Frequent and long time readers may recall that fold forming was the new technique I chose to develop last December and January during the winter lull between completion of the Fall products and the development of the Spring designs. Unfortunately, I may have moved too quickly from fold forming last year and back into rapid production for my customers. Also, I “closed” on the technique partly because I couldn’t figure out new things to do with it. I chose not to face the somewhat discouraging struggle that forces one into creative generation. I currently have renewed interest in fold forming due to a couple of happenings. Two of my lucky friends took a recent workshop with Kim St. Jean at the Texas Beadfest and their discussion of the class helped add to my refinement of the technique. Also, I gave a demonstration on the technique at a recent gathering of wire workers. Therefore, I had to practice.
The trick for me with fold forming has been trying to make something besides a leaf that would comfortably work as a piece of jewelry. First, I practiced some different ways to hammer on a few leaves and learned how to better ruffle the edges. Then I created a couple of copper cuff bracelets. I like using a long diagonal fold to start the bracelet design and following this with appropriate texture. I quickly learned that it’s important to begin with a longer and wider piece of metal than the size of the anticipated product. I folded the metal first and then cut the final bracelet shape. When I annealed the metal bracelets with a torch during the fold forming process, beautiful colors appeared on the pieces.

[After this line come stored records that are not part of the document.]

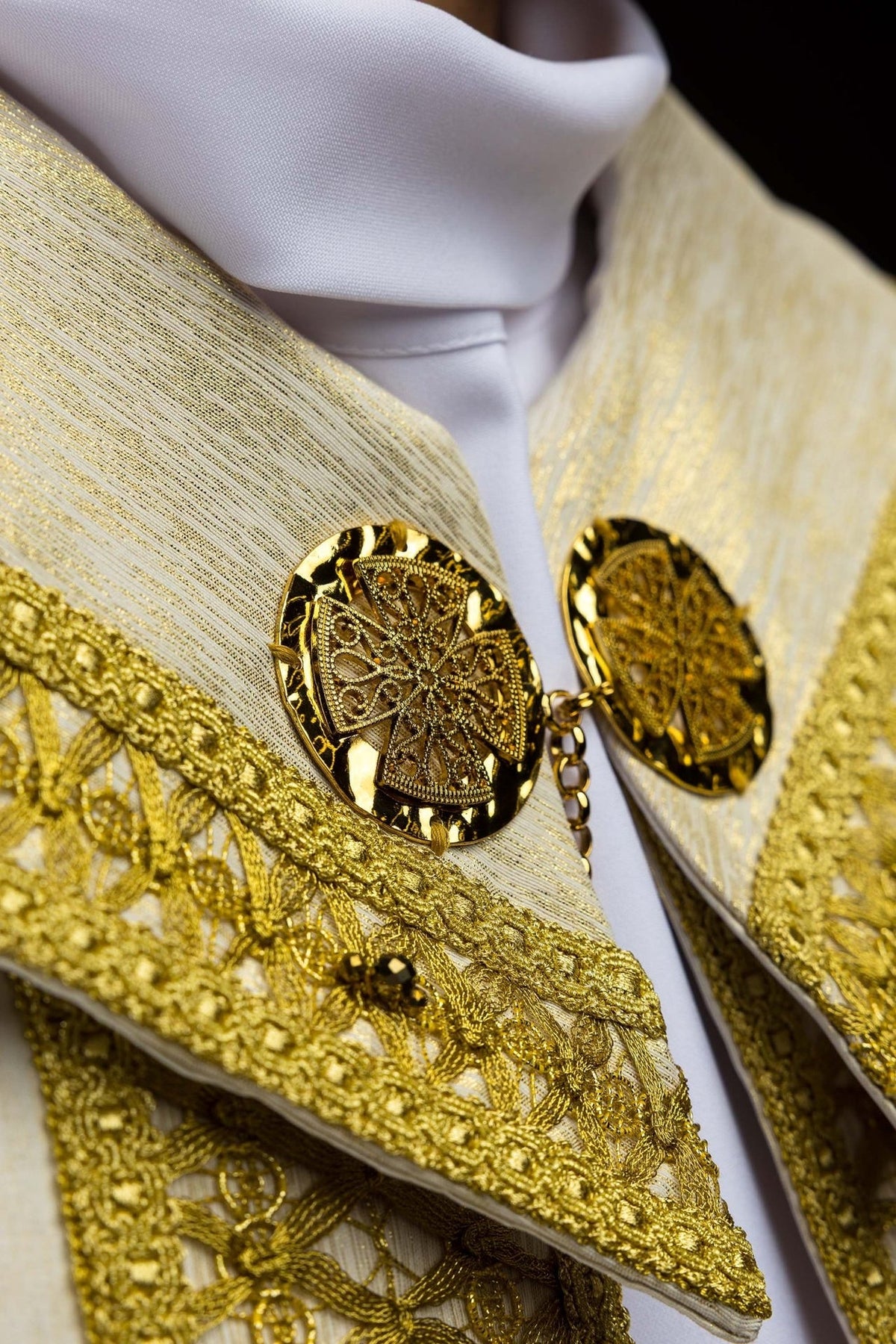 Handcrafted cope clasp and gold embroidery with natural stones, close-up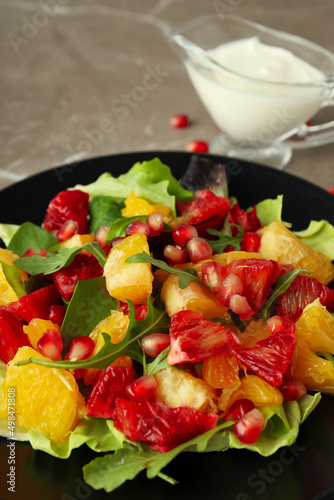 Concept of tasty food, salad with red orange, close up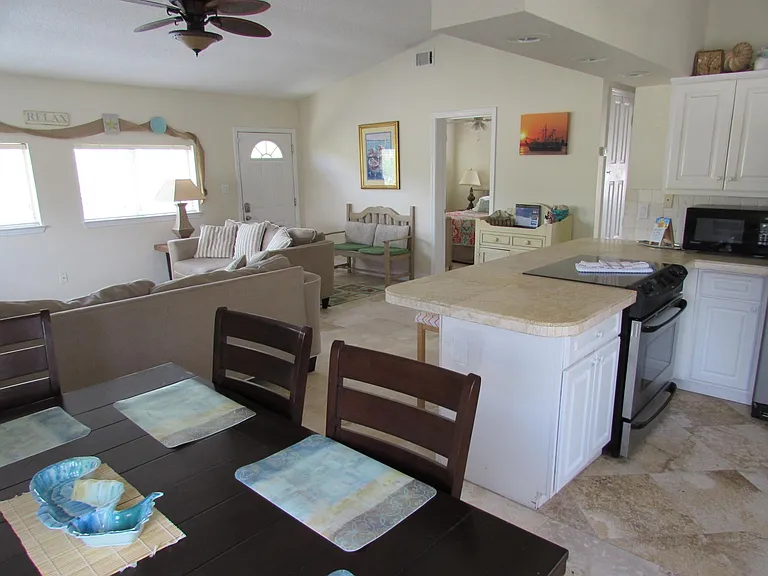 Kitchen is fully equipped. An abundance of natural light and raised ceilings provide an open and airy interior.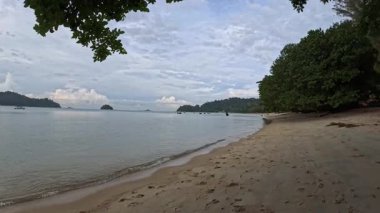 Perak, Malezya. 30 Aralık 2025: Pangkor Adası 'ndaki kumlu sahilde ya turistlerin ya da insanların dinlenme etkinliği.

I’ve also been experimenting with a star shape shown in Newton-Brain’s book. First I made several pairs of earrings and then I created a larger star and used it as a pendant on a strand of coral. I gave the pendant a liver of suphur bath, tumbled it and then used the torch on it again. It adopted a very rich color.
Now the struggle is to try to develop some ideas of my own for fold formed shapes. Hopefully, I’ll have the time this year to stick with fold forming until I’ve either developed some new ideas or convinced myself that I CAN’T come up with anything new. Wish me luck.